__Directions for this task__
Would you give the entries again word for word, with no pictures in the copy?

Start of Data under study

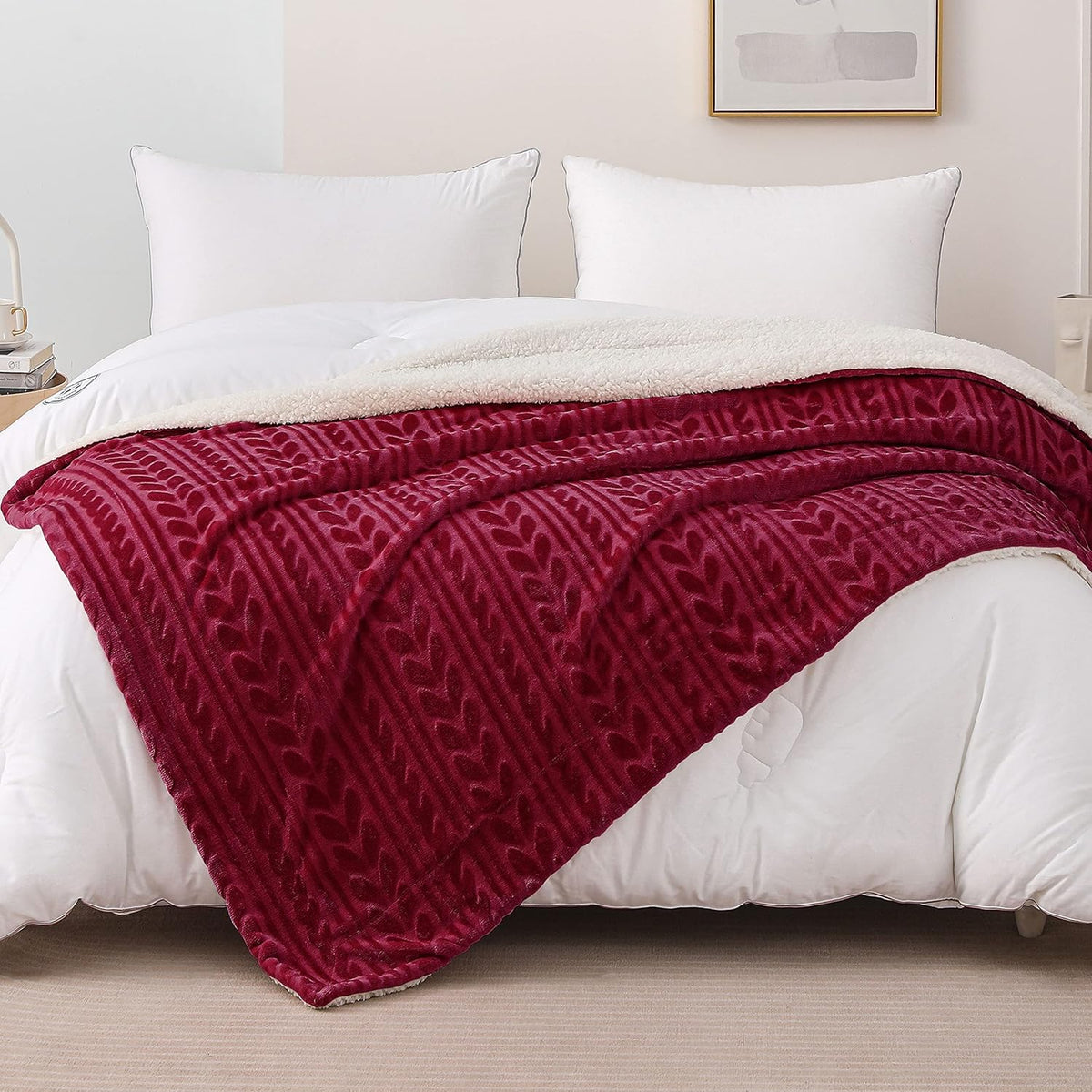 Camel Sherpa Fleece Throw Blanket with Leaves Pattern V581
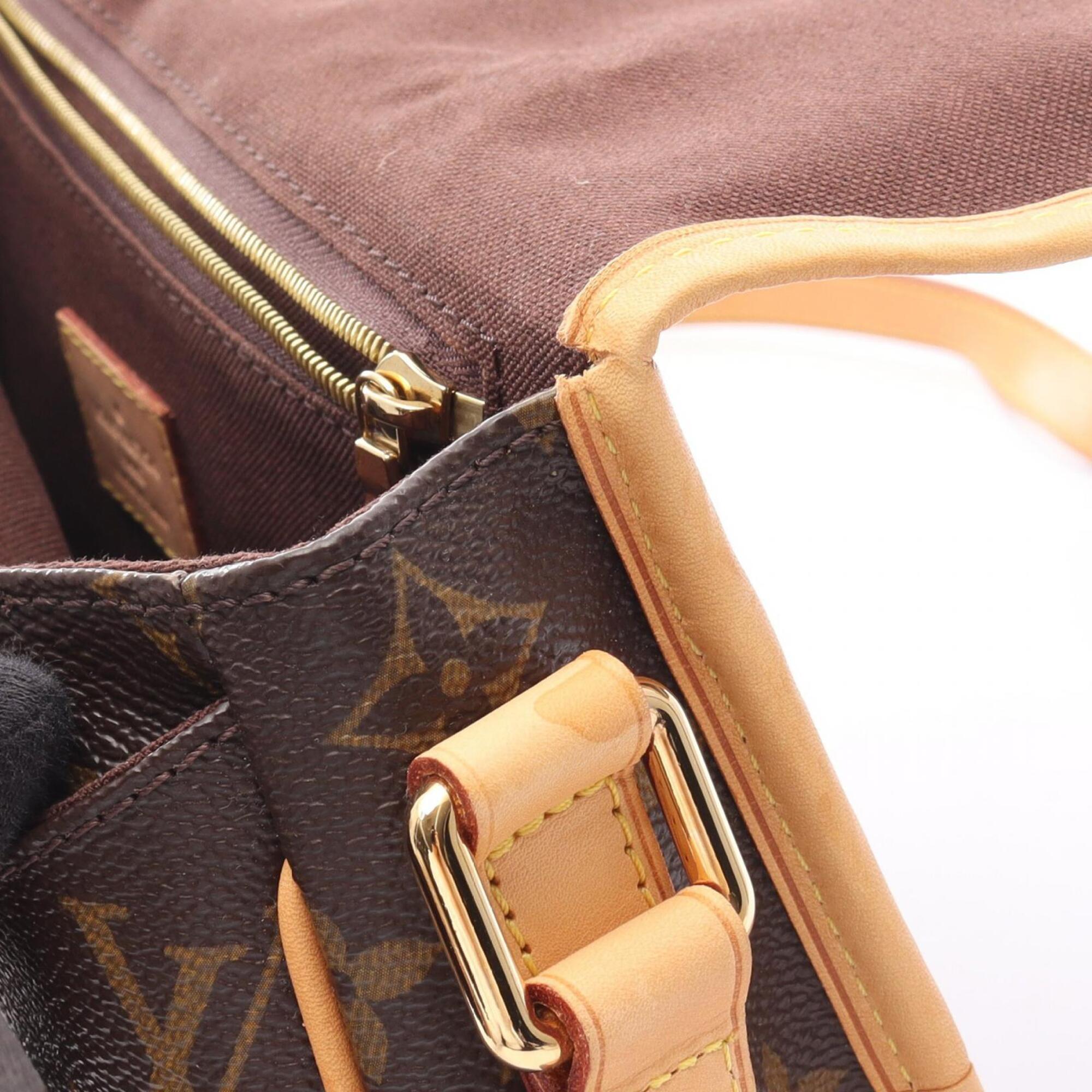 Louis Vuitton Brown Monogram Coated Canvas Leather Shoulder Bag (Pre-Owned)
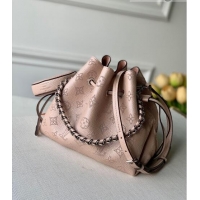 Top Grade Louis Vuitton Mahina Monogram Perforated Bella Bucket Bag M57070 Pearly Pink 2022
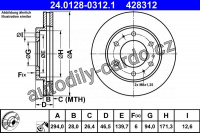 Brzdový kotouč ATE 24.0128-0312 (AT 428312)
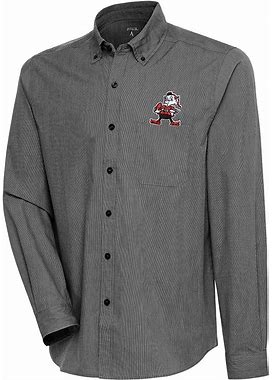 Antigua Cleveland Browns Mens Black Compression Long Sleeve Dress Shirt, Black, 70% Cotton / 27% Polyester / 3% Spandex, Size M
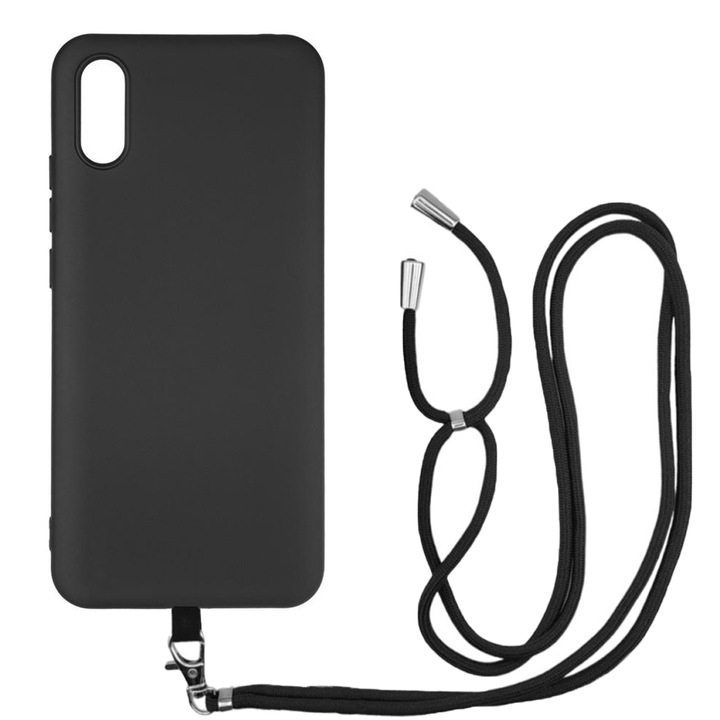 Xiaomi Redmi 9A / 9AT / 9i-vel kompatibilis tok, Sport Body Lanyard Case, Levehető kábel, Állítható hossz, 80 cm, Csúszásgátló szilikon, Mikroszálas belső, Fekete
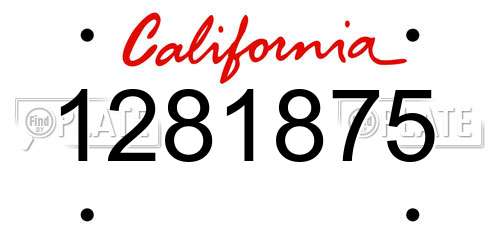 1281875 California License Plate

End of Data under study

__Task answer__
 Camel Sherpa Fleece Throw Blanket with Leaves Pattern V581
 Louis Vuitton Brown Monogram Coated Canvas Leather Shoulder Bag (Pre-Owned)
 Top Grade Louis Vuitton Mahina Monogram Perforated Bella Bucket Bag M57070 Pearly Pink 2022
 Brzdový kotouč ATE 24.0128-0312 (AT 428312)
 Antigua Cleveland Browns Mens Black Compression Long Sleeve Dress Shirt, Black, 70% Cotton / 27% Polyester / 3% Spandex, Size M
 Xiaomi Redmi 9A / 9AT / 9i-vel kompatibilis tok, Sport Body Lanyard Case, Levehető kábel, Állítható hossz, 80 cm, Csúszásgátló szilikon, Mikroszálas belső, Fekete
 1281875 California License Plate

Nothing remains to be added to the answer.